All of lore.kernel.org
 help / color / mirror / Atom feed
* [PATCH] x86: bring back rep movsq for user access on CPUs without ERMS
@ 2023-08-28 17:07 Mateusz Guzik
  2023-08-28 18:00 ` Linus Torvalds
  2023-08-29 19:30 ` Linus Torvalds
  0 siblings, 2 replies; 9+ messages in thread
From: Mateusz Guzik @ 2023-08-28 17:07 UTC (permalink / raw)
  To: torvalds; +Cc: linux-kernel, linux-arch, bp, Mateusz Guzik

I spotted rep_movs_alternative on a flamegraph while building the kernel
on an AMD CPU and I was surprised to find it does not have ERMS.
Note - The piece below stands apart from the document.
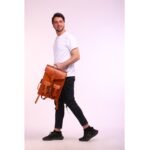 Zoya Casual Backpack for Men - Image 4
The 64 byte loop there can be trivially replaced with movsq and I don't
think there are any reasons to NOT do it. If anything I'm surprised the
non-ERMS case was left hanging around after the 32KB regression reported
by Eric Dumazet.

Anyhow patch below remedies it.

The patch initially had:
 SYM_FUNC_START(rep_movs_alternative)
        cmpq $64,%rcx
-       jae .Llarge
+       ALTERNATIVE "jae .Lrep_movsq", "jae .Lrep_movsb", X86_FEATURE_ERMS


But then I found the weird nops and after reading the thread which
resulted in bringing back ERMS I see why
https://lore.kernel.org/lkml/CANn89iKUbyrJ=r2+_kK+sb2ZSSHifFZ7QkPLDpAtkJ8v4WUumA@mail.gmail.com/

That said, whacking the 64 byte loop in favor of rep movsq is definitely
the right to do and the patch below is one way to do it.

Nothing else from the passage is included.